Almost all webs are not rank-perfect

Graphs with circular symmetry, called webs, are crucial for describing the stable set polytopes of two larger graph classes, quasi-line graphs[8, 12] and claw-free graphs [7, 8]. Providing a complete linear description of the stable set polytopes of claw-free graphs is a long-standing problem [9]. Ben Rebea conjectured a description for quasi-line graphs, see [12]; Chudnovsky and Seymour [2] verified this conjecture recently for quasi-line graphs not belonging to the subclass of fuzzy circular interval graphs and showed that rank facets are required in this case only. Fuzzy circular interval graphs contain all webs and even the problem of finding all facets of their stable set polytopes is open.
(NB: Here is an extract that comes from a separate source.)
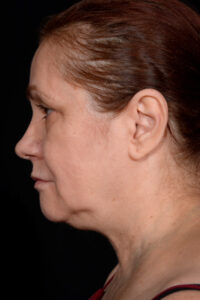 Facelift-Case--6254 | Before Facelift 2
So far, it is only known that stable set polytopes of webs with clique number <= 3 have rank facets only [5, 17] while there are examples with clique number >= 4 having non-rank facets [10-12,15]. In this paper we prove, building on a construction for non-rank facets from [16], that the stable set polytopes of almost all webs with clique number >= 5 admit non-rank facets. This adds support to the belief that these graphs are indeed the core of Ben Rebea's conjecture. Finally, we present a conjecture how to construct all facets of the stable set polytopes of webs.